Des outils et des ossements vieux de 45 000 ans révèlent les plus anciennes traces de l’Homo Sapiens en Asie de l’Est
Un site situé dans le nord de la Chine met en lumière les anciennes migrations humaines vers l’Asie de l’Est il y a 45 000 ans et révèle une convergence unique de culture et de technologie. Cette découverte remet en question les idées reçues sur la manière dont l’Homo sapiens s’est dispersé dans le monde.
Image d’entête : les Homo sapiens se sont dispersés d’environnements en déclin en Afrique du Sud-Est vers des environnements plus favorables en Asie. (AO Hong/ Académie chinoise des sciences)
Une équipe internationale de chercheurs a examiné un ensemble d’anciens objets humains provenant du site de Shiyu, près de la ville de Shuozhou, à environ 350 km à l’ouest de Pékin. Les chercheurs ont utilisé des méthodes de datation au radiocarbone et par luminescence pour déterminer que les outils en pierre et en os du site ont 45 000 ans.
Il s’agit du site le plus à l’est et le plus ancien du genre. L’obsidienne a été transportée depuis des sources situées à des centaines de kilomètres pour fabriquer les outils. Cela indique que les anciens peuples avaient des stratégies avancées de collecte des ressources.
Vue d’ensemble de la section de Shiyu. L’auteur principal, Shixia Yang, prépare des échantillons pour la datation par luminescence. (Université Griffith)
Parmi les outils, on trouve un mélange de différentes technologies, telles que le débitage Levallois et le débitage laminaire. La méthode Levallois est une innovation associée au Paléolithique moyen, qui s’étend de 300 000 à 50 000 ans. Mais les autres techniques de débitage laminaire et les outils symboliques trouvés sur le site sont caractéristiques du Paléolithique supérieur, il y a environ 50 000 à 12 000 ans.
Objets initiaux du Paléolithique supérieur provenant de Shiyu, en Chine. Divers outils en pierre, dont des pointes de Levallois (en haut), des denticulés utilisés pour le sciage et un grattoir (en bas à gauche), et des outils à dents destinés à être accrochés à des poignées (en bas à droite). (IVPP/ Université Griffith)
D’autres objets de Shiyu reflètent la fabrication d’éclats à noyau que l’on trouve ailleurs en Chine et qui date d’environ 40 000 ans. Des objets uniques, tels qu’un disque de graphite façonné et des outils en os, ont également été découverts. Ce mélange de différentes technologies illustre un brassage et une adaptation culturels et selon l’auteur principal, le Dr Shi-Xia Yang, de l’Académie chinoise des sciences :
L’amalgame de divers traits culturels témoigne d’une adaptation complexe et innovante de nos ancêtres au cours de leur expansion.
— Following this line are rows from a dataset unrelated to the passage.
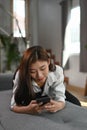 A young woman is lying on couch and using smart phone browsing internet. Royalty Free Stock Photo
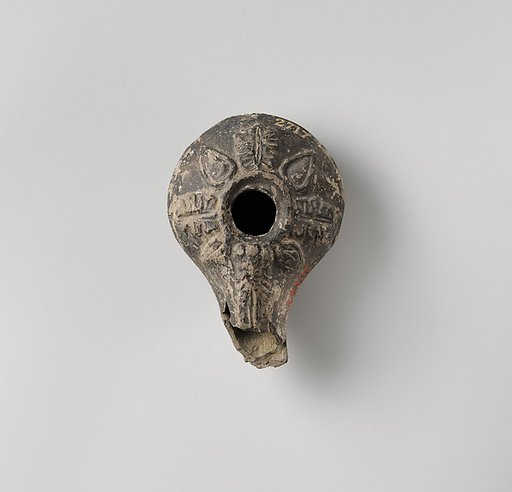 Terracotta oil lamp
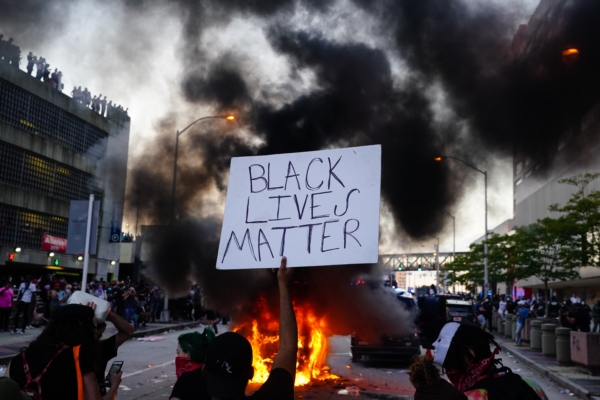 Мъж държи знак Black Lives Matter, докато пред него гори полицейска кола по време на протест заради смъртта на Джордж Флойд, пред CNN Center в Атланта на 29 май 2020 г. (Elijah Nouvelage/Getty Images)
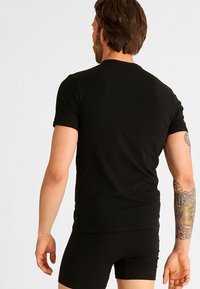 Svart kortermet t-skjorte laget av myk bomull. Fitted design med rund hals og sømløse skuldre. Bakfra har den ingen synlige logoer.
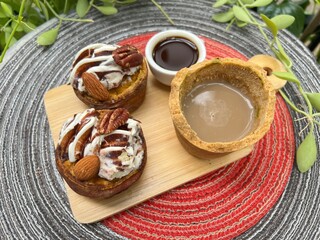 Eatable cup of Coffee and baked potatoes with chocolate mixed milk ice cream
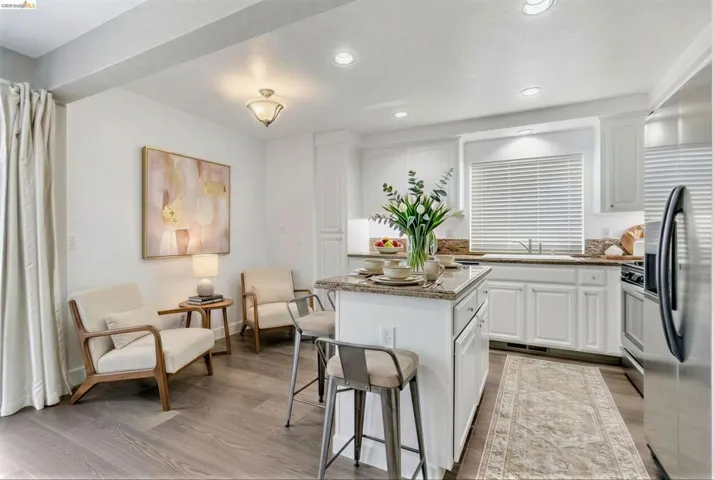 Kitchen with dark stone counters, stainless steel appliances, white cabinetry, a kitchen breakfast bar, and a center island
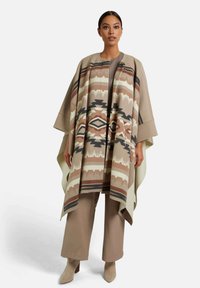 Beige gemustertes Poncho mit geometrischen Designs in Braun und Schwarz, mit offener Front und weiten Ärmeln, getragen über einem einfarbigen Outfit.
Outil en os (en haut) et disque en graphite (en bas). (IVPP/ Université Griffith)
On sait que l’Homo sapiens a migré vers l’Asie orientale il y a au moins 45 000 ans. Une étude de 2015 suggère que les dents d’Homo sapiens trouvées dans la grotte de Fuyan, dans le sud de la Chine, remontent à 80 000-120 000 ans.
Mais le mystère reste entier quant à la date et à la manière dont ces humains ont migré vers l’Asie de l’Est. Le site de Shiyu suggère qu’il s’agit d’un processus complexe.
Selon le professeur Francesco D’Errico, de l’université de Bordeaux (France), coauteur de l’étude :
Le site reflète un processus de créolisation culturelle, le contact entre les sociétés et les peuples déplacés, mêlant des traits hérités à de nouvelles innovations, ce qui complique la compréhension traditionnelle de l’expansion mondiale de l’Homo sapiens.
L’étude publiée dans Nature Ecology and Evolution : Initial Upper Palaeolithic material culture by 45,000 years ago at Shiyu in northern China, présentée sur le site de l’Académie chinoise des sciences : Orbitally-induced Strong Monsoons Facilitated Early Human Dispersal to East Asia et de l’Université Griffith : Shiyu discovery reveals Eastern Asia’s early human migrations.